Up by 2 runs in the top of the ninth in Game 6, the Rangers were three outs away from winning their first World Series. Then they were two outs away. Then one out away. Then one measly strike away from making history and becoming 2011 World Series champs. That’s when the iceberg that is David Freese sunk the Titanic.
Freese’s two-out, two-strike, two-RBI triple in the bottom of the ninth tied up the game 7-7 and Rangers fans thought, “Are you kidding me?”
Then in the top of the tenth, Ranger Josh Hamilton cranked a two-run homerun to put the Rangers back up by two going into the bottom of the tenth.
Now the Rangers can breathe again, right?
After scoring on Ryan Theriot’s RBI-groundout, the Cardinals saw themselves one run down and first base open with the greatest right-handed batter of all-time, Albert Pujols, up to bat. And what does Ron Washington have to, and I mean have to, do in that situation?
Walk him. Walk him. Walk him.
That’s the right call, every day of the week.
Do not take any chances. Make the next batter, Lance Berkman, beat you. And that’s exactly what Berkman did. Again with two strikes—seems to be a theme here—the Rangers couldn’t close out the Series and Berkman delivered an RBI single to send the game into the 11th inning.
Are you kidding me?
At this point, the Rangers had nothing left in the tank. The Cardinals held them scoreless in the top of the frame and David Freese delivered the game-ending solo homerun to dead center field.
It’s simple from here.
Cardinal pitcher Chris Carpenter shut down the potent Ranger lineup in Game 7 and the Cardinals were crowned World Champions.

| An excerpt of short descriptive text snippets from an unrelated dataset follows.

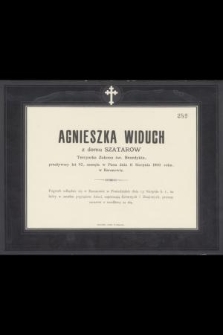 Agnieszka Widuch z domu Szatarów Tercyarka Zakonu św. Benedykta, przeżywszy lat 82, zasnęła w Panu dnia 11 Sierpnia 1900 roku w Baranowie [...]
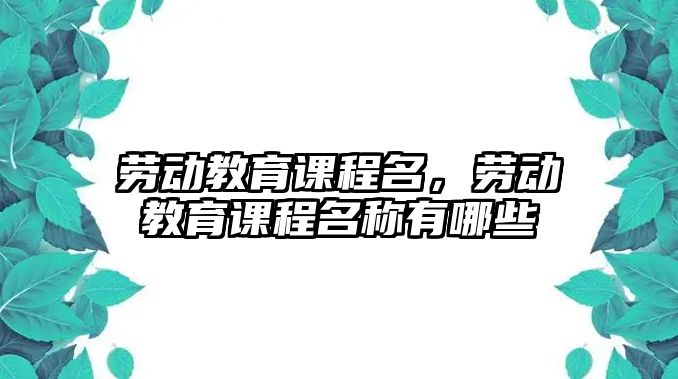 勞動教育課程名，勞動教育課程名稱有哪些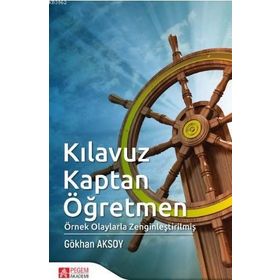 Kılavuz Kaptan Öğretmen - Pegem Akademi Yayıncılık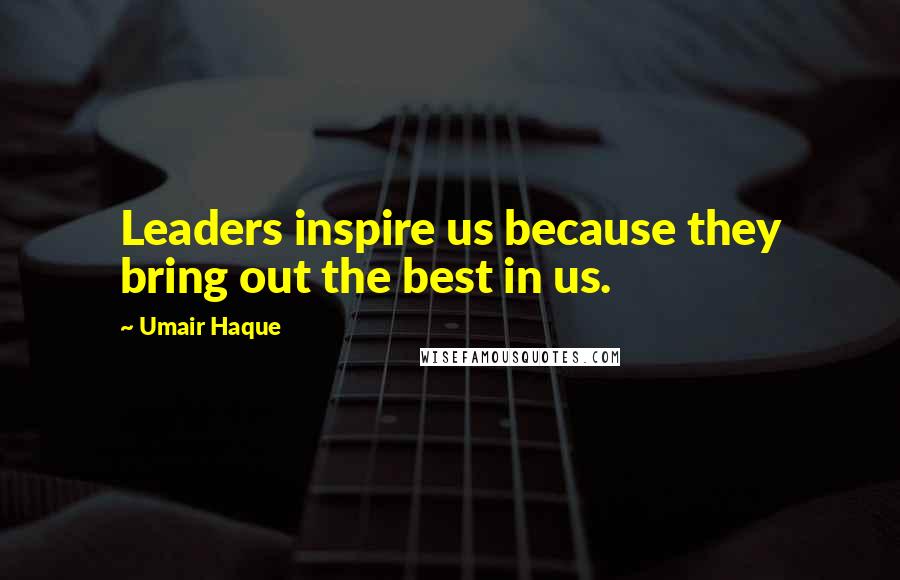 Umair Haque quotes: Leaders inspire us because they bring out the best in us.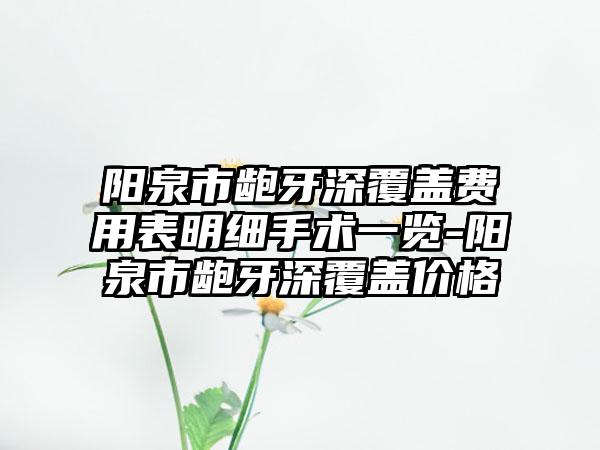 阳泉市龅牙深覆盖费用表明细手术一览-阳泉市龅牙深覆盖价格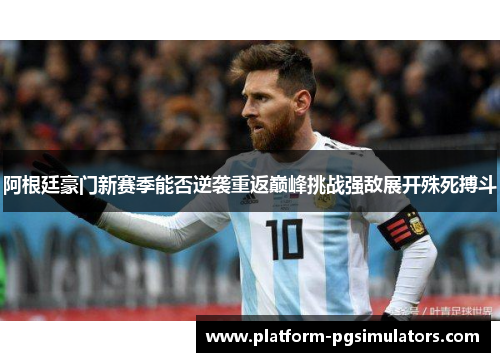 阿根廷豪门新赛季能否逆袭重返巅峰挑战强敌展开殊死搏斗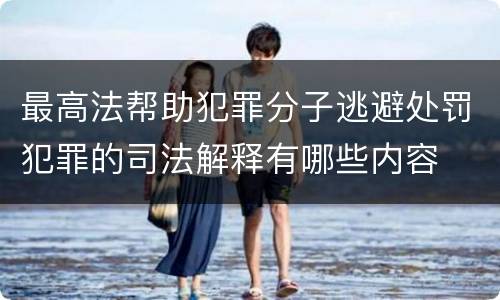 最高法帮助犯罪分子逃避处罚犯罪的司法解释有哪些内容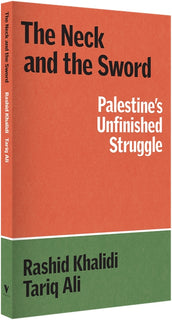 Cover of “The Neck and the Sword: Palestine's Unfinished Struggle”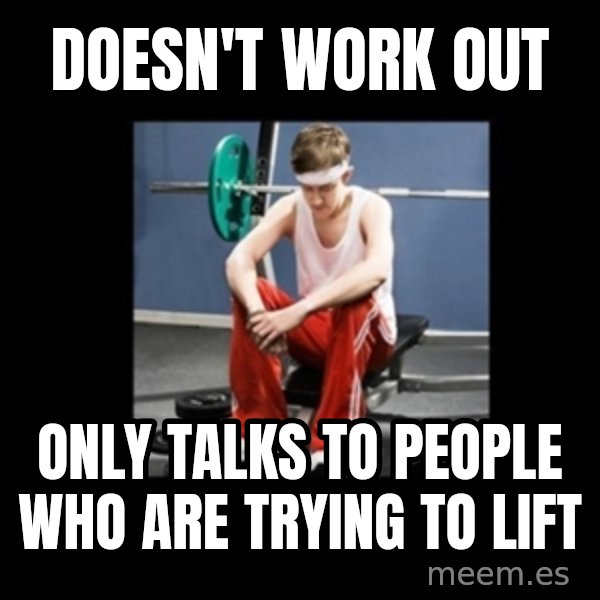 Annoying Gym Newbie meme: Doesn't work out / Only Talks to people who are trying to lift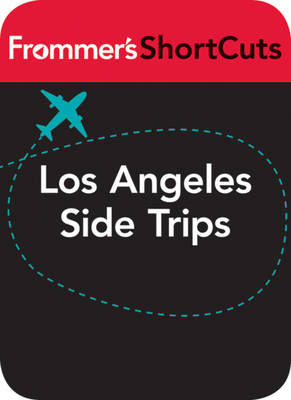 Cover of Los Angeles Side Trips, California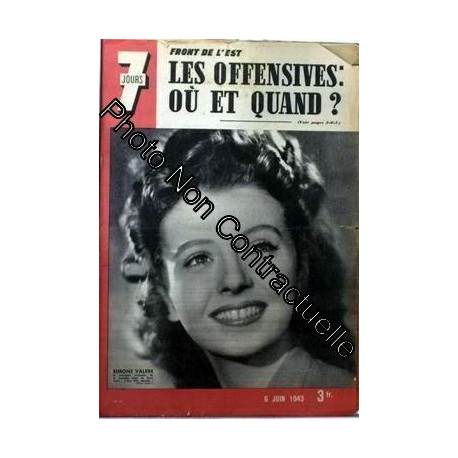 7 Jours N° 127 Du 06/06/1943 - Front De L'est. Les Offensives - Ou...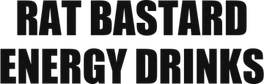 Rat Bastard Energy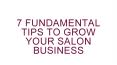 7 fundamental Tips to Grow Your Salon Business PowerPoint PPT Presentation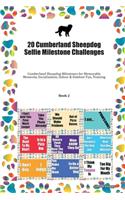 20 Cumberland Sheepdog Selfie Milestone Challenges: Cumberland Sheepdog Milestones for Memorable Moments, Socialization, Indoor & Outdoor Fun, Training Book 2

The thing is, the Cardinals should have been dead, buried. They should have been on a golf course or a deep-sea fishing trip. They had no business playing in October.
Ten and a half games back in the Wild Card with a month and a half to play, the Cardinals should have been miles away from Busch Stadium in October. But it doesn’t matter now, because they are World Champions. Champions of one of the greatest World Series in the history of baseball.
Are you kidding me?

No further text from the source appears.